Bukhara 22



Today you get a History lesson gleaned from various sources

Persian prince Siyavush, who built a citadel here shortly after marrying the daughter of Afrosiab in Samarkand, is the traditional founder of Bukhara city, but its growth has for centuries depended largely upon its strategic location on the crossroads to Merv, Gurganj, Herat, Kabul and Samarkand. The early town was taken by the Persian Achaemenids in the sixth century BC, by Alexander the Great in 329 BC and by the empires of the Hephalite and the Kushan.


Bukhara city was left largely unmolested until the fire-worshipping city was taken by Qutaiba in 709 in the first leg of his jihad against the lands beyond the Oxus (more about the Oxus and Alexander in a few days)


As usual Genghis Khan had a hand in what happened next. In March 1220 the Mongol tide of calamity was spotted outside Bukhara’s gates, its troops more numerous than locusts, each detachment like a billowing sea. Thirty thousand defensive troops sped to meet them and were slaughtered to a man. “From the reflection of the sun the plain seemed to be a tray filled with blood.” Their leader Genghis Khan, The Wind of God’s Omnipotence, rode to the Namazgokh Mosque, and proclaimed himself the Scourge of God. “If you had not committed great sins,” he said, “God would not have sent a punishment like me”.


The citadel was taken, the city put to the torch and razed to a level plain. No man was spared who stood higher than the butt of a whip. trains of slaves were seen snaking away from the charred remains of the holy town, to be employed as human shields in the forthcoming assault on Samarkand. (This was part of the Merv thing from a few days back remember when they killed his ambassador and he got pissed off with them)


Due to its ideal location on the famous Silk Road, Bukhara had long been a center of culture, religion, trade, and education. At one time in the history Bukhara was the largest city in the world with 300,00 people living in or around it. Described as a beautiful place full of vegetation and tree lined roads but including a protective wall which stretched of an incredible 30 km it was also very much a center of education and scholarly study. In fact, Bukhara became known throughout the East as The Center of Enlightenment. Many well-known philosophers, scholars, astrologers, educators and writers were either from Bukhara or came to this city to work and study. It was also an extremely important commercial center.

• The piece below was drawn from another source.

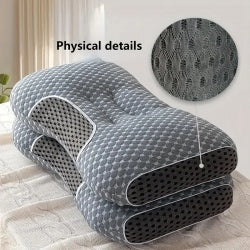 PURE PLY TEXTILES Ybz 3D Knitted | Orthopedic Relief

But by the time it was conquered by Genghis Khan, Bukhara had already been operating and flourishing for well over one thousand years. The only thing he spared was the Kalan Minaret, which actually still stands today.


The Kalan Minaret, one of the wonders of both the ancient and the modern world, stands nearly one hundred and fifty feet high. At one time this minaret served as a beacon to caravans on the Silk Road, letting them know they were approaching Bukhara.




Perhaps one of the most infamous episodes to take place hre was the killing of
British officers Col. Charles Stoddart and Capt. Arthur Conolly in 1842. Victims of a misunderstanding between the Emir of Bukhara and the British government (which failed to supply its emissaries with the appropriate gifts and royal letters of introduction), the two were imprisoned in the Bug Pit at the Zindan (city jail), then forced to dig their own graves before their ceremonial beheading in front of the Ark (the Emir’s palace).

In 1848 it had no fewer than 38 caravanserais, six trading arcades, 16 public baths, and 45 bazaars. Bukhara was also the largest centre for Muslim theology with over two hundred mosques and more than a hundred medressehs.